Return exactly the run of lines that begins at the line containing "home office with" and ends at the last line of the material below; pictures stay out.

Start of Block

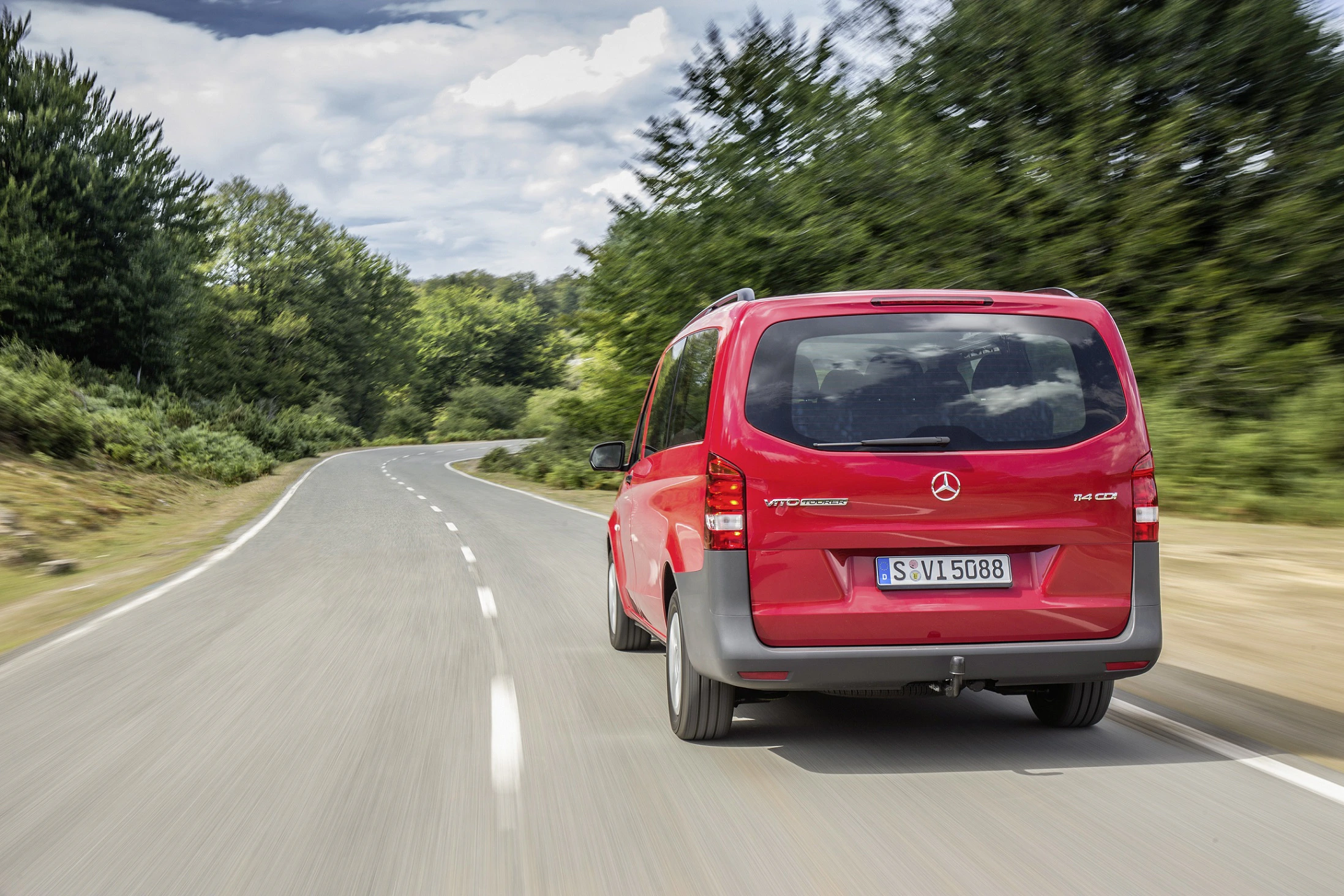 Roter Mercedes-Benz Van fährt auf einer kurvigen Landstraße, umgeben von Bäumen und bewölktem Himmel.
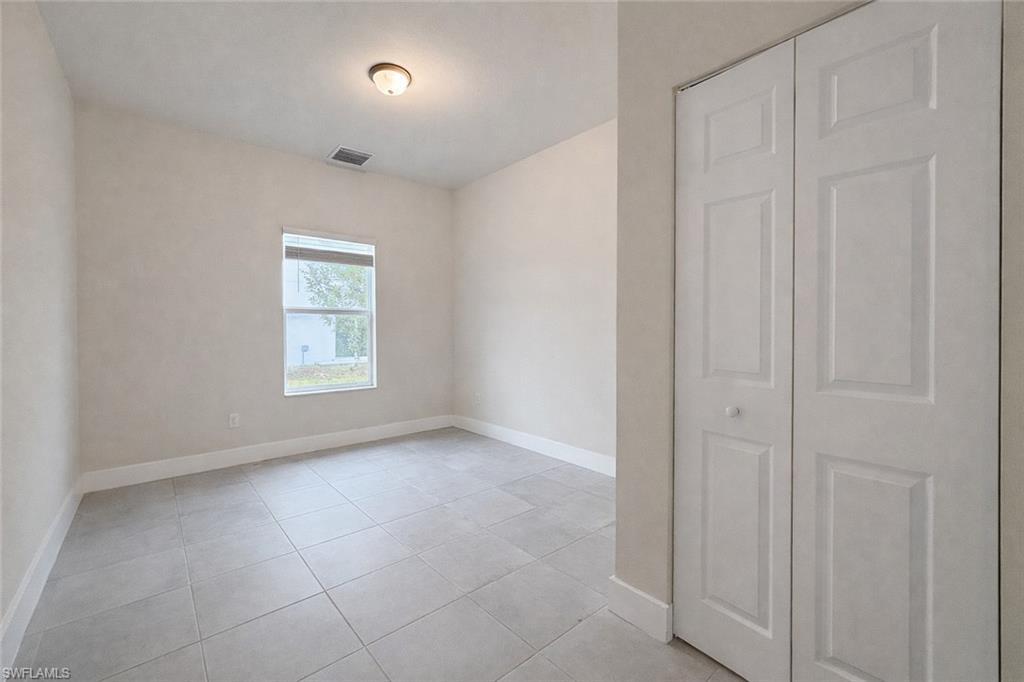 Unfurnished room with ceiling fan and light tile patterned floors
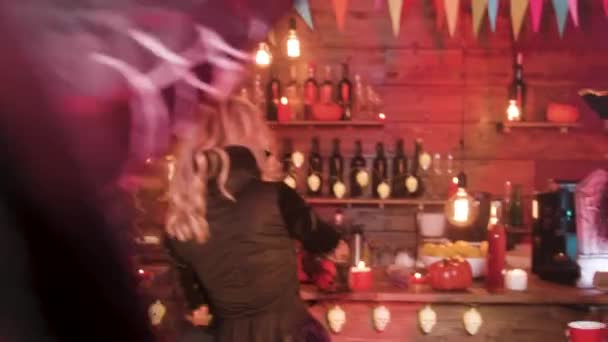 Ведьмы, вампиры и другие злые персонажи на Хэллоуинской вечеринке пьют и веселятся — стоковое видео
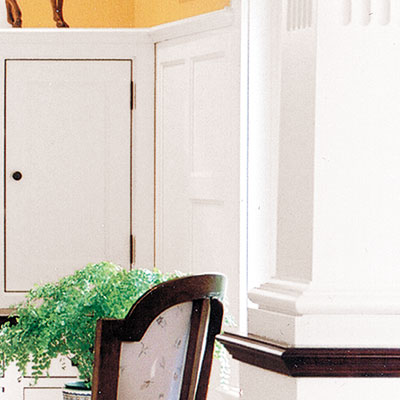 home office with traditional colonnades and wainscoting
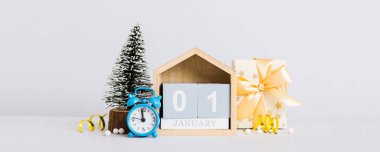 Christmas composition on colored background with a wooden calendar, with a gift box, toys, bauble copy space.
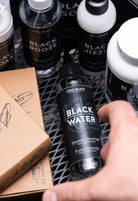 Coal black black water shading solution in a sleek transparent bottle with black cap and label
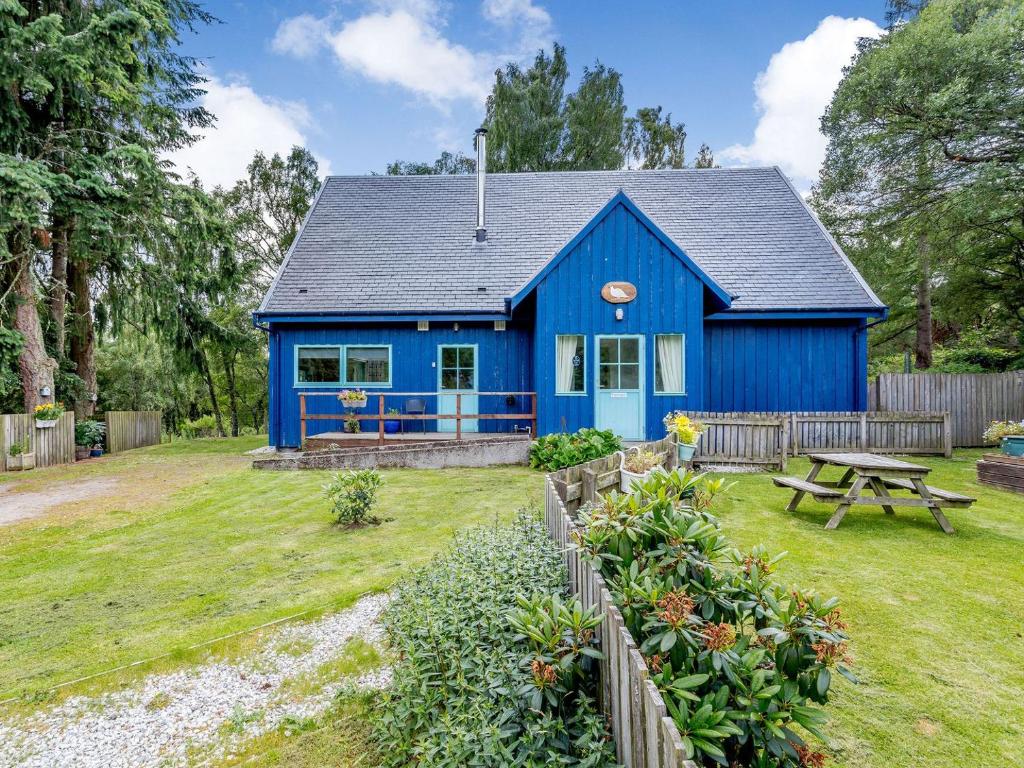una casa blu con un tavolo da picnic nel cortile di Ptarmigan Cottage-ukc5518 a Boat of Garten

End of Block

Result of the exercise:
 home office with traditional colonnades and wainscoting
 Christmas composition on colored background with a wooden calendar, with a gift box, toys, bauble copy space.
 Coal black black water shading solution in a sleek transparent bottle with black cap and label
una casa blu con un tavolo da picnic nel cortile di Ptarmigan Cottage-ukc5518 a Boat of Garten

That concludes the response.